Peter Westervelt (December 16, 1919 – January 24, 2015) was an American physicist, noted for his work in nonlinear acoustics, and Professor Emeritus of Physics at Brown University.

==Education==
Peter Jocelyn Westervelt was the son of US Army Brigadier General William I. Westervelt and Dorothy (Jocelyn) Westervelt, and the grandson of Brigadier General Stephen Perry Jocelyn. George Conrad Westervelt, a United States Navy officer and aviation pioneer, was his uncle. He received his BS in Physics from MIT in 1947, and his PhD in Physics from MIT in 1951, at which time he joined the Physics Department at Brown University.

==Career==
Westervelt began his career in 1940-41 at the MIT Radiation Laboratory and the Harvard Underwater Sound Laboratory, where he worked with researchers including Frederick Vinton Hunt, Leo Beranek (National Medal of Science winner) and Phillip Morse during the Second World War.

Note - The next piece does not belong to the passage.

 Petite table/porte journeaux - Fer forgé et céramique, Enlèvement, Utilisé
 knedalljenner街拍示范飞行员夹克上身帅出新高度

During his long and distinguished career, he held responsible assignments with the National Academy of Sciences, and the National Research Council, and was elected Fellow of the American Physical Society, the Acoustical Society of America, and the American Astronomical Society. He served as Assistant Attache for Research, U.S. Navy, at the American Embassy in London, U.K., and as a Consultant to Bolt, Beranek, and Newman (now BBN Technologies). Westervelt also performed research at the University of Texas at Austin, where he developed new techniques, having widespread application, for the study of sound-by-sound scattering and the laser-excited thermoacoustics. Westervelt was awarded the Lord Rayleigh Medal in 1985, by the British Institute for Acoustics. He became Professor Emeritus at the Brown University Physics Department in 1989.

==Research==

He is especially renowned for his application of the theory of Sir Michael James Lighthill, for his important contributions to the understanding of nonlinear scattering of sound by sound, and for his discoveries of the parametric array and the laser-excited thermoacoustic array. His lifetime of physics research spans other aspects of acoustics as well, include the contributions to the understanding of acoustic radiation pressure, which has applications to Acoustic levitation and other devices which exploit macrosonic phenomena and acoustic streaming, as well as to several other fields of Physics (with example references shown here), including General Relativity, (primarily in the area of gravitational waves), including Gravitational phenomena analogous to the parametric array, Cosmology, low temperature physics the Physics of Sound in Liquid Helium, and High Energy Particle Physics (primarily in the area of cosmic ray particle detectors.)

==Awards==
Peter Westervelt was awarded the Rayleigh Medal by the British Institute of Acoustics in 1985. He also received the Silver Medal in Physical Acoustics from the Acoustical Society of America for his discovery and explanation of the Parametric Array in 2008.